Before leaving for Oslob, we did some interneting to figure out a place to stay overnight in Oslob as we heard the best time to swim with the sharks is early in the morning. Turns out Oslob is a VERY tiny town and the only places that we could find online were nearby resorts charging $200+ US per night. No thanks. So we decided to just go and see what happens. Best decision ever!
Well we hopped on a bus and found our way to Oslob. When we got off, there was no obvious places to stay so we just started to wander. The town was really quite nice and the people were all very friendly, everyone would smile. I don't think they're used to having many long-noses (white folks) around. The first place that we saw that "might" be a boarding house announced itself with the distinct smell of weed. We were also not really sure that it was a boarding house so we kept walking.
When we got down by the water a couple of guys standing in the street called us over. They asked us if we were looking for a place to stay and told us they could take us to one. They were quite friendly (as was everyone in town) and they took us to a place that we had actually just walked by without noticing. We ended up paying 600p instead of $200 so we were quite pleased.
To thank them (their names were Iti and Dennis) for being so helpful we asked them if we could buy them a beer, so we walked down the street and sat at a little shop/stand and chatted. We learned a lot about the area and how we should go about getting to Tanawan (where the whale sharks are) and about life in Oslob. Iti is the warden of a marine sanctuary and Dennis is a retired nurse. Anyways, we had some laughs and then Iti's daughter came by to tell him there were fishermen in the sanctuary so he had to go. We walked over to his house and waited on the shore while he paddled out to talk to the fishermen. I was really surprised when I saw the area near his house, beautiful park land right on the ocean with a couple of old Spanish ruins in it. Amazing!
I should note that it seemed like both Iti and Dennis were pretty drunk after the two beers we bought them. I was really surprised when Iti got in his little canoe to paddle out on the ocean in the dark.l, bit he made it back ok. When Iti got back, he took us over to the main street and recommended a place to eat. He and Dennis both had to get home then and they left.
Now I should mention I had a questionable meal when I was on Malapascua that basically made for a uncomfortable afternoon. I have been trying to be a little more careful about what I put in my mouth since then, but this meal was going to test that decision. Duane ended up ordering some whole baby squids that he basically had to gut before eating. I chose not to partake in that mess but I did have a plate full of tiny whole pickled fish that were quite nice. Duane did end up regretting the squid later, especially since they don't seem to have toilet paper anywhere in town. I pulled some leaves of a plant for him and wished him luck.

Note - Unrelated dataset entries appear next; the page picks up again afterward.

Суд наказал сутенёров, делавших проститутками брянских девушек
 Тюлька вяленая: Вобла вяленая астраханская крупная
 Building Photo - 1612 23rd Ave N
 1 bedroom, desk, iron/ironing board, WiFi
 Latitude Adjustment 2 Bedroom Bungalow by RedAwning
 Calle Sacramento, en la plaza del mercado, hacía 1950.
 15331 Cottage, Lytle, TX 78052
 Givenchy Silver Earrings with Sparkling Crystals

Well when we left the restaurant we walked down the main street a bit and were drawn by the sound of karaoke. Here's where things got interesting. Duane really seemed to want to sing, so we went in for a beer and looked at the songbook. He wrote down a number but i didn't see what it was, I assumed from what i saw on the page that he was going to do some Sabbath and I wasn't really sure how that would go over with the locals. Well when they punched in the number Eminem started playing... Huh? They must have gotten the wrong number... Then Duane started rapping! Huh? Do i know you? Well the bar loved it! Not only that but it was like half the town showed up at the door to watch and cheer. It was awesome! When he was done they wanted more but since Duane didn't know any other songs they just got him to do the same one again. Following Duane's performance I ended up doing a couple of country tunes that cleared out the croud that Duane had built, but it was a good time.
Today we woke up to the sound of roosters cock-a-doodle-dooing... at 3am. That's a serious downside to a town who's primary entertainment is cockfighting. The whole town is full of roosters, they're everywhere, and the half dozen that were roosted outside our rooming house were really loud.
We eventually got up at around 6am and made our way to Tanawan for the whale sharks. They are really beautiful animals. We both went out and snorkled with them, but Duane went back and did a dive with them as well. I couldn't because I'm flying tonight, but I think I got some great pics.
Anyways, I'm on a bus on my way back to Cebu now and sadly I'll be starting my long journey home tonight. This has been a fantastic trip and I'm really glad that Duane was able to join me.
Goodbye Philippines, goodbye warm weather, goodbye beaches, goodbye hammocks, goodbye palm trees, goodbye mangos, goodbye scuba, goodbye sharks, goodbye $1 beers, goodbye amazing seafood. I will miss you all.